══ Source material ══

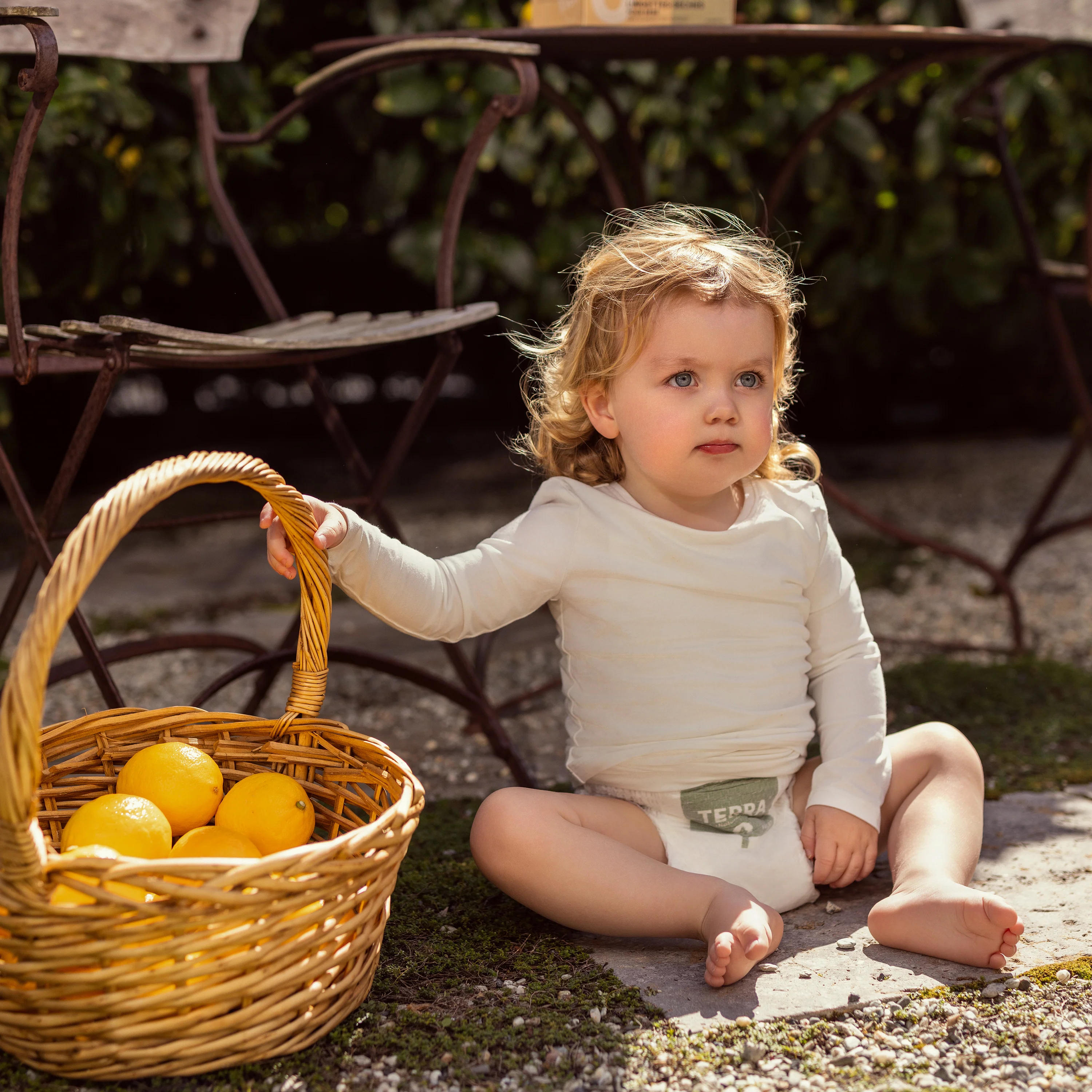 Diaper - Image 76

═══
══ Source material ══

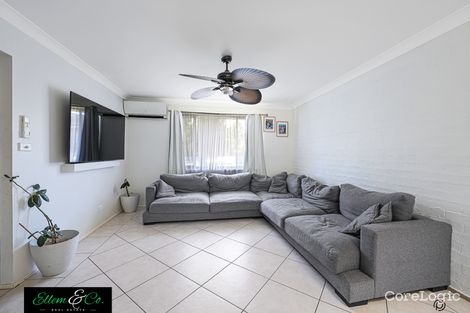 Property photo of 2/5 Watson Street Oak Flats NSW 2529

═══
══ Source material ══

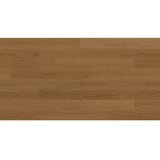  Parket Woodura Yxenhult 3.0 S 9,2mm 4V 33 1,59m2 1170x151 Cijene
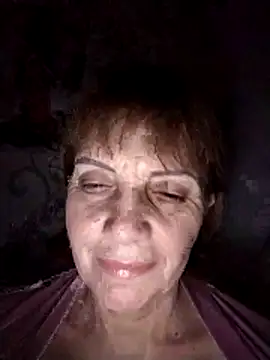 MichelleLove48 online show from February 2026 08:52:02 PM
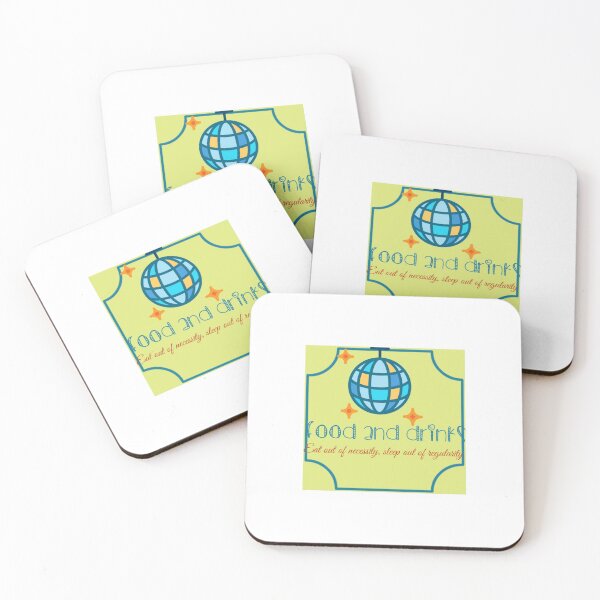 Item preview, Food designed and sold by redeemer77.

═══

What you are asked to do:
Leaving every picture aside, reproduce exactly the lines above from the one with "MichelleLove48 online show" up to and including the one with "Item preview, Food", and no others.

Answer for this exercise:
 MichelleLove48 online show from February 2026 08:52:02 PM
 Item preview, Food designed and sold by redeemer77.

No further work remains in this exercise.